Monsieur Richard MUYEJ n'aurait dû pas adressé sa référencée CAB/GOUV/LBA/R3M001/2023 au Vice-Premier Mi

DEMISSION DU GOUVERNEUR RICHARD MUYEJ : ANALYSE ET IMPLICATIONS JURIDIQUES.

En date du 10 septembre 2021, le Gouverneur Richard MUYEJ avait été mis en accusation par l’Assemblée Provinciale du Lualaba pour détournement de plus de 369 millions USD et avait été sommé par cette dernière de démissionner.

Il y a donc eu rupture de confiance entre l’Assemblée Provinciale du Lualaba et le chef de l’Exécutif Provincial.

Il s’en suit que par sa lettre référencée CAB/GOUV/LBA/R3M001/2023 datée du 10 janvier 2023, le Gouverneur Richard MUYEJ a adressé une correspondance au Vice-Premier Ministre, Ministre de l’Intérieur, Sécurité, Décentralisation et Affaires Coutumières dans laquelle il demande à ce dernier de transmettre sa lettre de démission à son Excellence Monsieur le Président de la République.

Il sied de relever que plusieurs observations quant à la forme et au fond méritent d’être relevées quant aux implications juridiques de sa démission dans le droit positif Congolais.

En effet, l’article 42 de la Loi n°08/012 du 31 juillet 2008 portant principes fondamentaux relatifs à la libre administration des provinces n’organise la procédure de démission du Gouverneur de Province qu’en cas de motion de censure de l’Assemblée Provinciale contre le Gouvernement Provincial. Dans ce cas, le Gouvernement provincial est réputé démissionnaire et « le Gouverneur de province remet sa démission au Président de la République » dans les 48 heures.

Dans le cas d’espèce, il ne s’agit pas d’un vote de censure de l’Assemblée provinciale contre l’exécutif provincial, mais d’une démission « motu proprio » du chef de l’exécutif provincial.

Aussi, la forme de cette lettre peut paraître indigeste du point de vue juridique car l’article 42 de la Loi susvisée dispose que la lettre de démission du Gouverneur de Province doit être adressée directement au Président de la République et non à son autorité de tutelle qui est en l’occurrence le Vice-Premier Ministre, Ministre de l’Intérieur, Sécurité, Décentralisation et Affaires Coutumières, encore que dans le cas d’espèce, la lettre du Gouverneur MUYEJ qui circule sur les réseaux sociaux, ne porte pas expressément sur sa démission, mais demande au Vice-Premier Ministre, Ministre de l’Intérieur, Sécurité, Décentralisation et Affaires coutumières de transmettre sa démission au Président de la République.

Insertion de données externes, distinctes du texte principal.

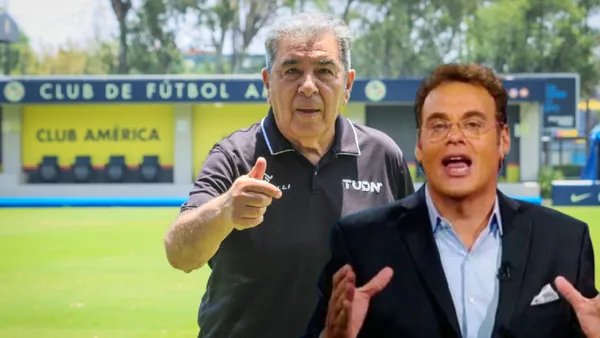 Carlos Reinoso en las instalaciones del América - Foto: Imago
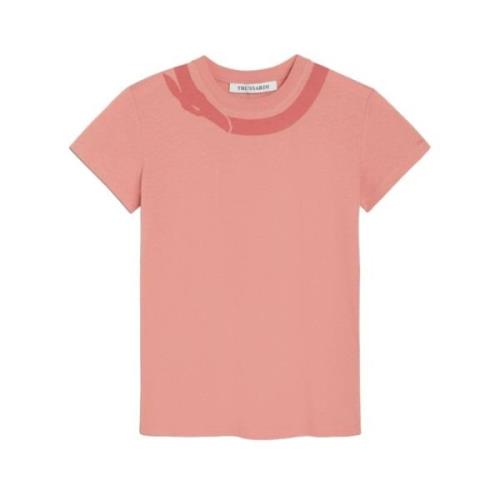 T-Shirts Trussardi , Pink , Dames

Cette lettre cache évidemment l’intention du Gouverneur Richard MUYEJ à considérer que le Gouvernement Provincial du Lualaba est réputé démissionnaire du fait de sa seule démission en omettant d’admettre que celui-ci (le Gouvernement Provincial) assumait déjà les affaires courantes dès lors que l’Assemblée Provinciale lui avait déjà retiré sa confiance, depuis le 10 septembre 2021.

Par ailleurs, l’article 160 de la Loi n°17/013 du 24 décembre 2017 modifiant et complétant la Loi n°06/006 du 09 mars 2006 portant organisation des élections présidentielles, législatives, provinciales, urbaines, municipales et locales, telle que modifiée et complétée par la Loi électorale du 22 juin 2022 qui dispose que le remplacement du Gouverneur est organisé par la Commission Electorale Nationale Indépendante dans les 15 jours suivants sa démission « En cas de décès, de démission, d’empêchement définitif, de mise en accusation ou de révocation du Gouverneur de province, le Gouvernement provincial est réputé démissionnaire ».

Et de poursuivre : « Les candidats à l’élection des Gouverneurs et Vice-Gouverneurs font acte de candidature auprès du bureau local de la CENI ».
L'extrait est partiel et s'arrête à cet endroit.